Please print nothing but the lines from the one with "Electrical safety, Personal" to the last line of the records below, and omit pictures.

**Given information:**
=== Begin Enclosure ===

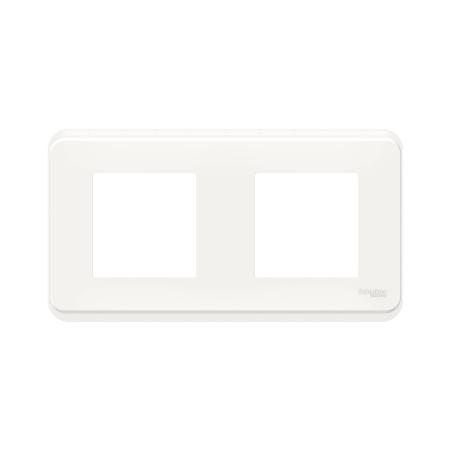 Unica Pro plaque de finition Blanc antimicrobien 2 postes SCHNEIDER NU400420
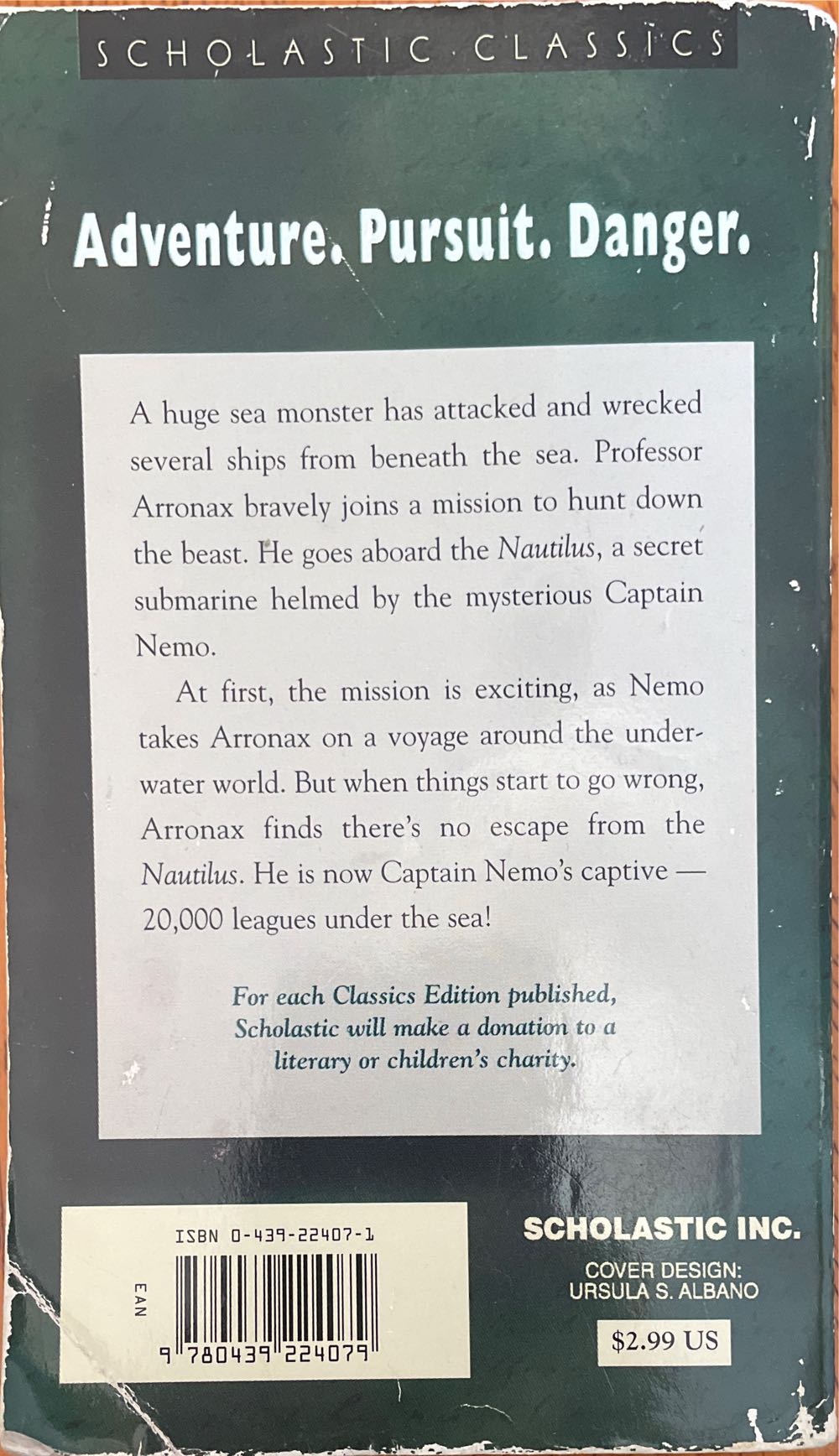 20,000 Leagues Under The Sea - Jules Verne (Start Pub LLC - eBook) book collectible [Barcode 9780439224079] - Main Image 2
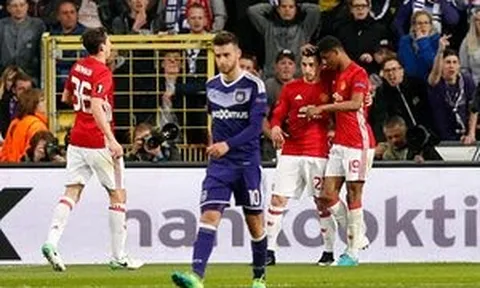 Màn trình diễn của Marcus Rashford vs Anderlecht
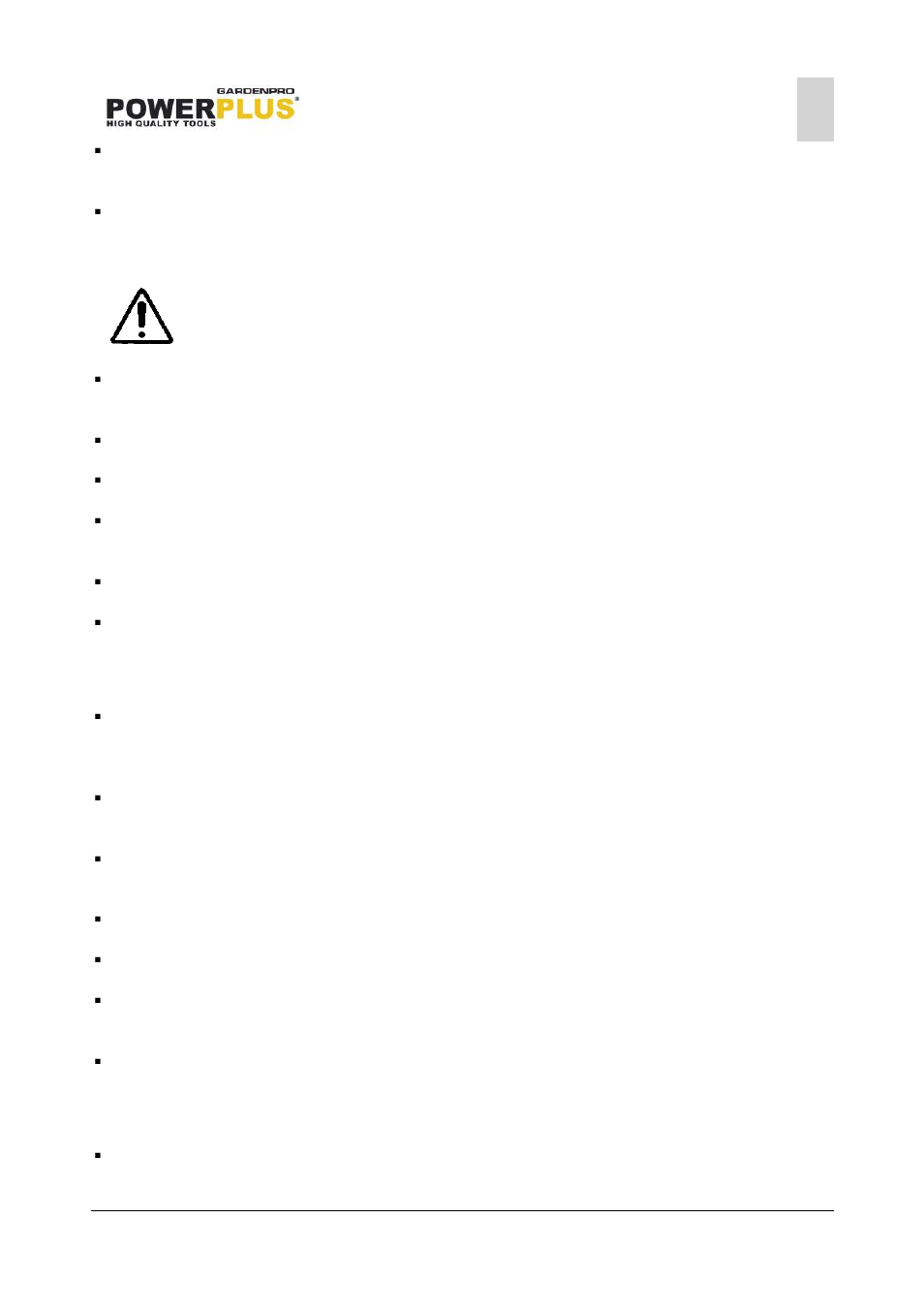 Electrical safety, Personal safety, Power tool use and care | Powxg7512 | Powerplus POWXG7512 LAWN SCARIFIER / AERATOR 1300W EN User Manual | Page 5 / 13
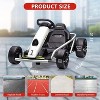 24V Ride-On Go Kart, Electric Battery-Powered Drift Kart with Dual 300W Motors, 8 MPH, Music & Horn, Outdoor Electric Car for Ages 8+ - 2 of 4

=== End Enclosure ===

**Solution:**
 Electrical safety, Personal safety, Power tool use and care | Powxg7512 | Powerplus POWXG7512 LAWN SCARIFIER / AERATOR 1300W EN User Manual | Page 5 / 13
 24V Ride-On Go Kart, Electric Battery-Powered Drift Kart with Dual 300W Motors, 8 MPH, Music & Horn, Outdoor Electric Car for Ages 8+ - 2 of 4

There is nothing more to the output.